It did not even seem to put it on both of them. It was all on her.

If the woman is okay with carrying the marriage, then it's fine. But if not . . . Then a man who wants to keep his wife may want to look at what _he_ can do to foster better communication--like learning about active listening.


----------



## azteca1986 (Mar 17, 2013)

Blondilocks said:


> Temper tantrums are not an effective communication tool but they apparently get more attention than civil conversations. *And, what do the wives have to lose?*


Their dignity?


----------



## jld (Dec 1, 2013)

azteca1986 said:


> Their dignity?


They might feel like they are starving for love. They might be willing to give up their pride to try anything they think might get them that love.


----------



## Anon Pink (Jan 17, 2013)

*Are men as thick as they seem?*

Yes. Most are. Some are not. But most are.

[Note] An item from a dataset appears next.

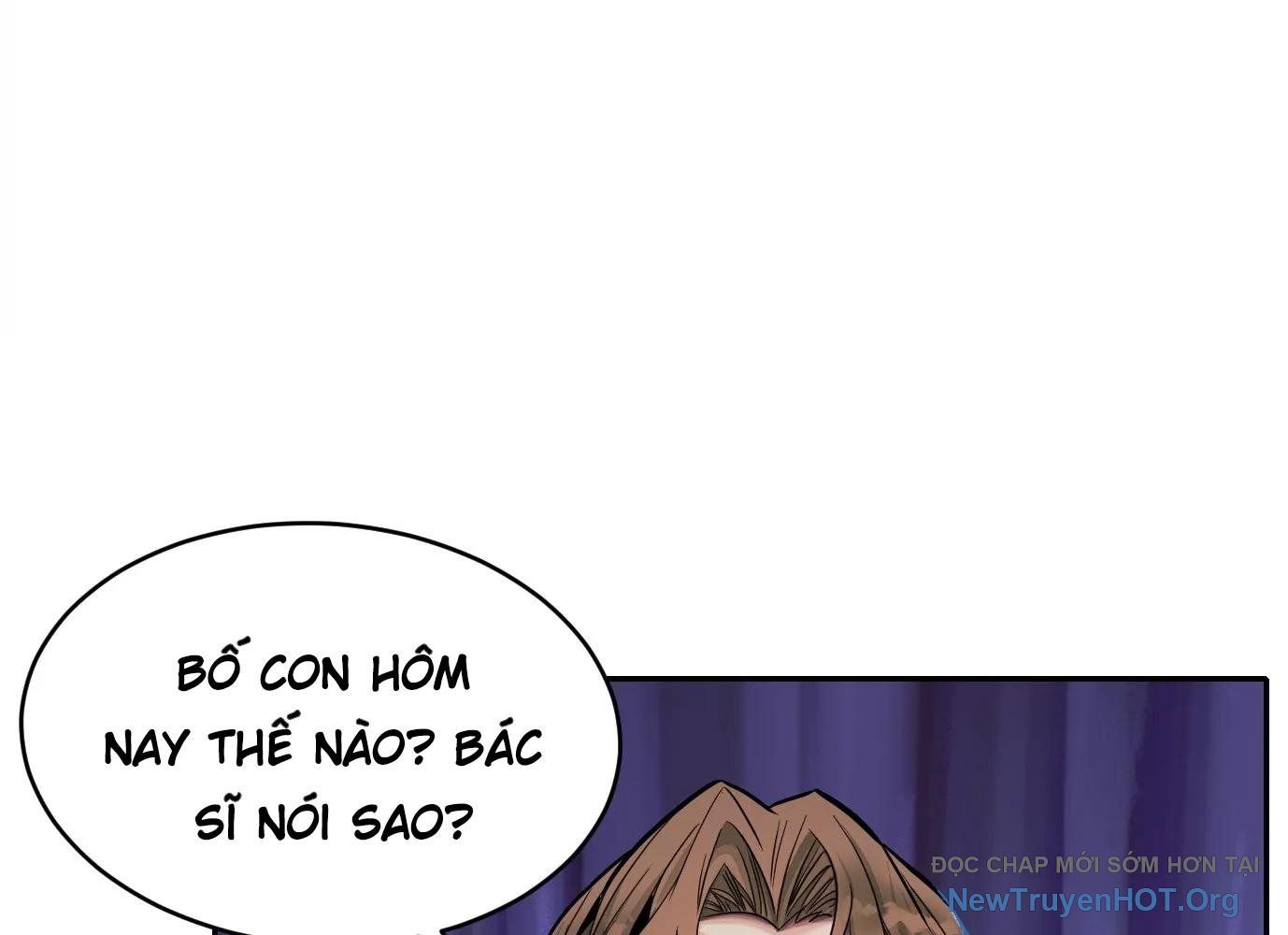 Thập Nhị Tinh – Dị Thú Mê Thành Chapter 49 - Trang 2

However...only when it comes to identifying, interpreting, communicating and responding to feelings. 

Other than that, men are supercalifragilisticexpialidociously awesome!


----------



## azteca1986 (Mar 17, 2013)

jld said:


> *They might feel like they are starving for love. *They might be willing to give up their pride to try anything they think might get them that love.

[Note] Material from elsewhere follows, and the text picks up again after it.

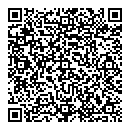 QR код "Fast Fusion"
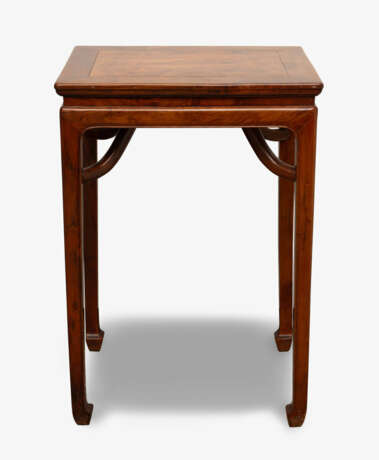 Beistelltisch - photo 1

I don't know how you got this from the article. It could be that. It could be a thousand other things. I just don't think borrowing the communication techniques of a two year-old is an effective way of enlightening a husband.


----------



## jld (Dec 1, 2013)

azteca1986 said:


> I don't know how you got this from the article. It could be that. It could be a thousand other things. I just don't think borrowing the communication techniques of a two year-old is an effective way of enlightening a husband.

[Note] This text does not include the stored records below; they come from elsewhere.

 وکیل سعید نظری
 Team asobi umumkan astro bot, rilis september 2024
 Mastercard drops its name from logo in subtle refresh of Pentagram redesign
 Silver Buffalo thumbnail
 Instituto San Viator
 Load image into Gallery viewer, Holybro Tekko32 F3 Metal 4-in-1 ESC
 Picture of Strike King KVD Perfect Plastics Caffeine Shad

My husband says it is the only sure way of getting his attention. I have a soft voice and a gentle manner, and that does not seem to get through to him.


----------



## 2ntnuf (Jul 14, 2012)

jld said:


> They might feel like they are starving for love. They might be willing to give up their pride to try anything they think might get them that love.


Love is charity. It's the only way we can understand that someone loves us. 

Infants do not have the capacity for love. They are self-centered by design. They are incapable of doing anything charitable. Parents love them by feeding and caring for them. Parent's love is not reciprocated. It is possible to say we can love with it not being reciprocated.

Unfortunately, marital vows do not require reciprocity of love. They specifically speak of loving without it being returned. Therefore, the person who finds themselves searching for love with another before divorcing/annulling the present marriage do not love their spouse. They are not being charitable. They are incapable of saying yes or "I do" to those vows and meaning it. It would be more charitable(loving) to release them of their vows.

Do you remember my posts about changing the vows of a marriage and making them more like a contract that is signed? This is why I posted that way. It was a realisation that each of us has a different and personal definition and they are valid to both spouses and must be determined and agreed upon before the marriage. They must also have consequences spelled out in reasonable detail so as to mirror our strong beliefs. 

If you want to cheat on your husband, jld, and he is okay with that under certain circumstances as you describe here, that's between the two of you. For those of us who value our word and profession of those vows with a greater understanding of the depth of their meaning, it seems important that we pair with others of like mind to control damage. However, that does tend to eliminate revenge, which may make it unpalatable for many who choose to be unfaithful and then proclaim the benefits and maturity of reconciliation. 

Doing so will eliminate the need for all of these discussions and debates. It will allow quicker healing and determination of responsibility in the dissolution of the marriage and provide for fair consequences that are up front and known. Courts will be less bogged down with "feelings". Those can be dealt with in counseling as they should be.


----------



## jld (Dec 1, 2013)

What do you mean, my cheating on my spouse and his being okay with it?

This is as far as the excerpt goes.